Supplied data
┄┄┄┄┄┄
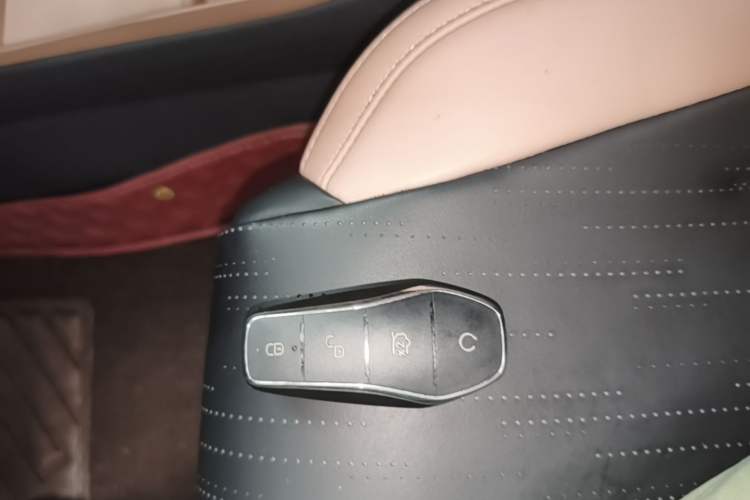 Used BYD Seagull 2025 305km Active Version Vehicle Key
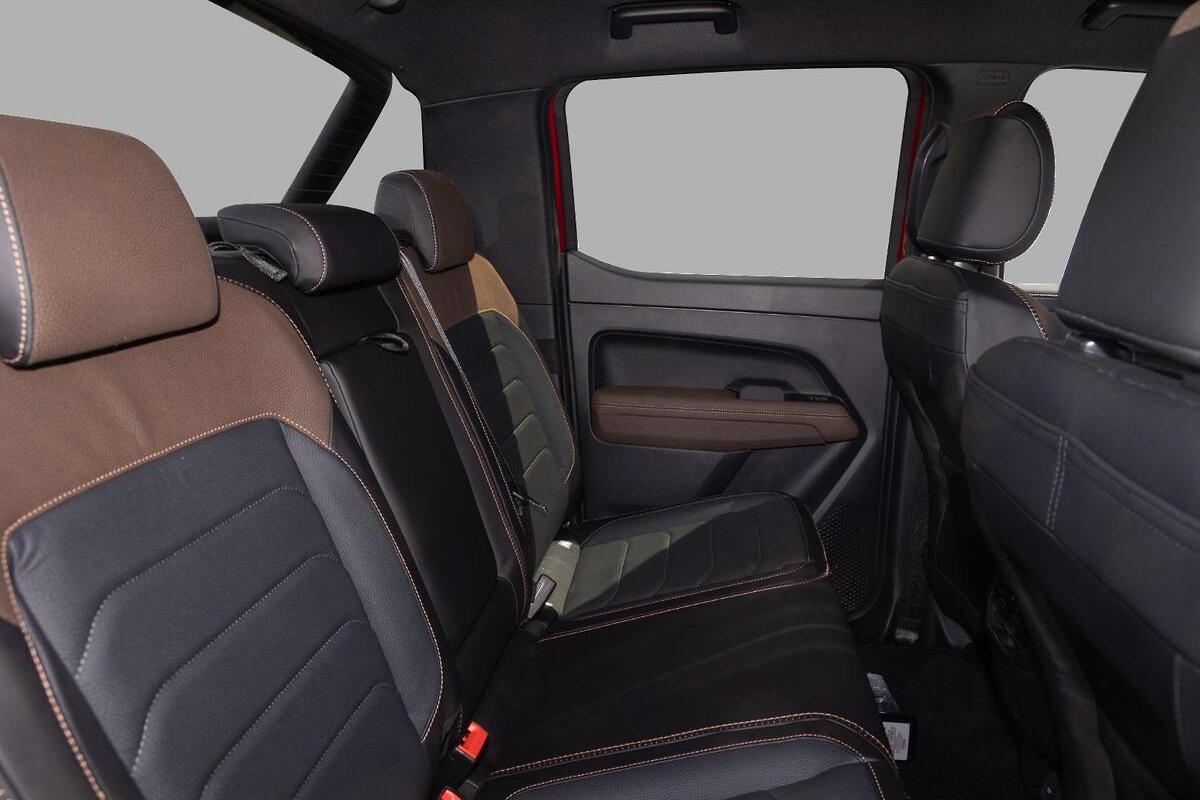 2024 Volkswagen Amarok TDI600 PanAmericana NF Auto 4MOTION Perm MY23 Dual Cab image 8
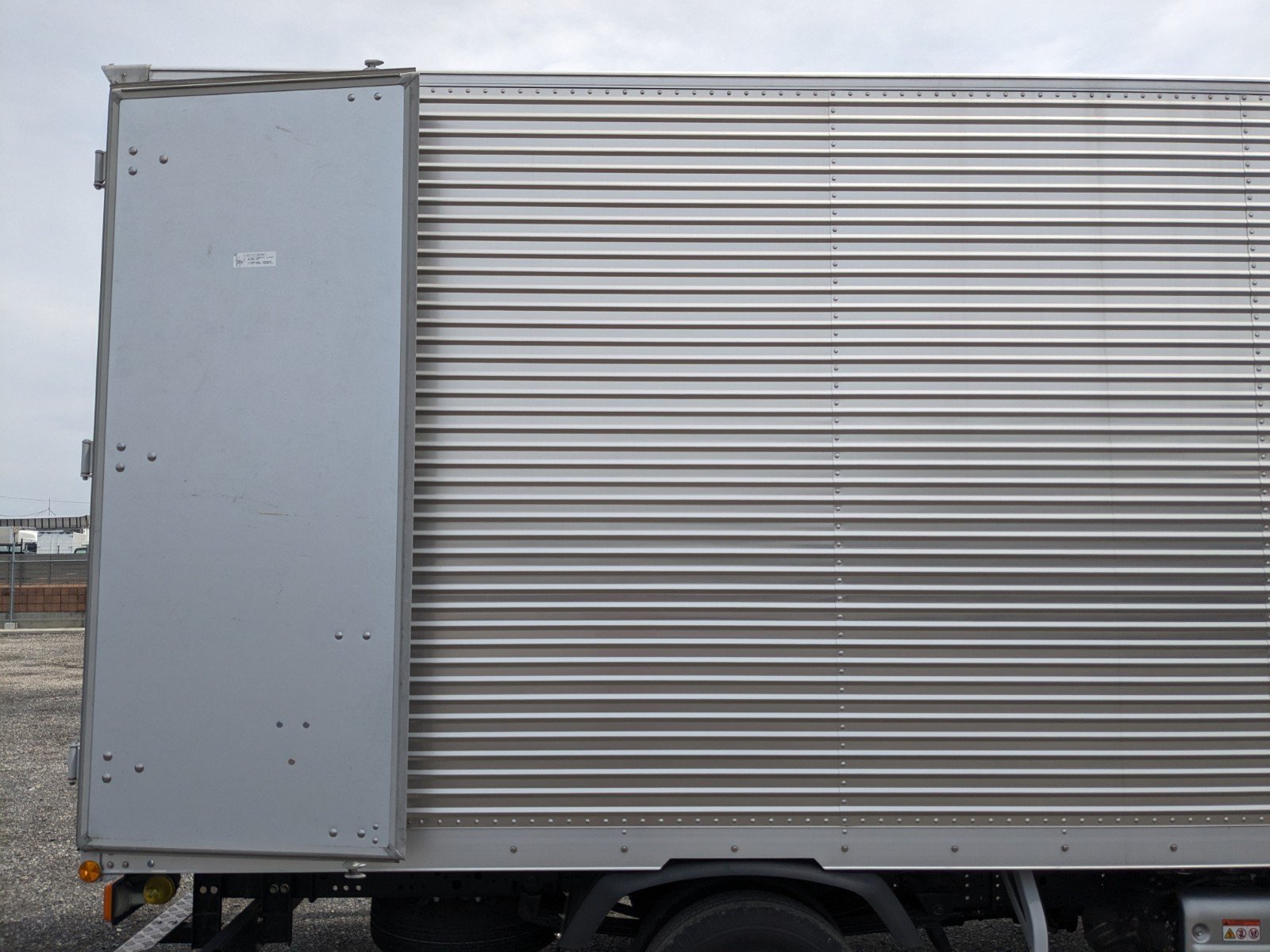 vehicle_image_20260501130144xwDfGkE96j.jpg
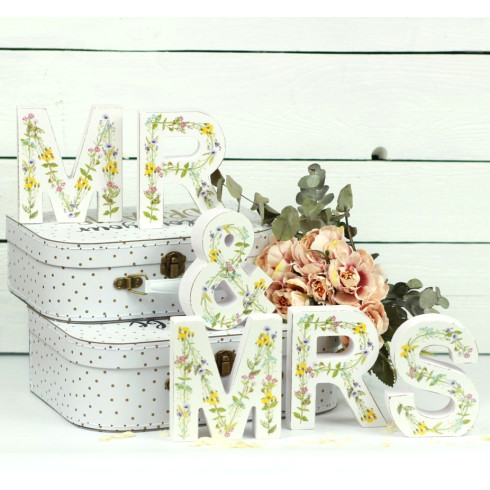 Drevený nápis Mr & Mrs s lúčnymi kvetmi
┄┄┄┄┄┄
What is being asked
Copy out the data verbatim, with no pictures.

Solution to this exercise
 Used BYD Seagull 2025 305km Active Version Vehicle Key
 2024 Volkswagen Amarok TDI600 PanAmericana NF Auto 4MOTION Perm MY23 Dual Cab image 8
 vehicle_image_20260501130144xwDfGkE96j.jpg
 Drevený nápis Mr & Mrs s lúčnymi kvetmi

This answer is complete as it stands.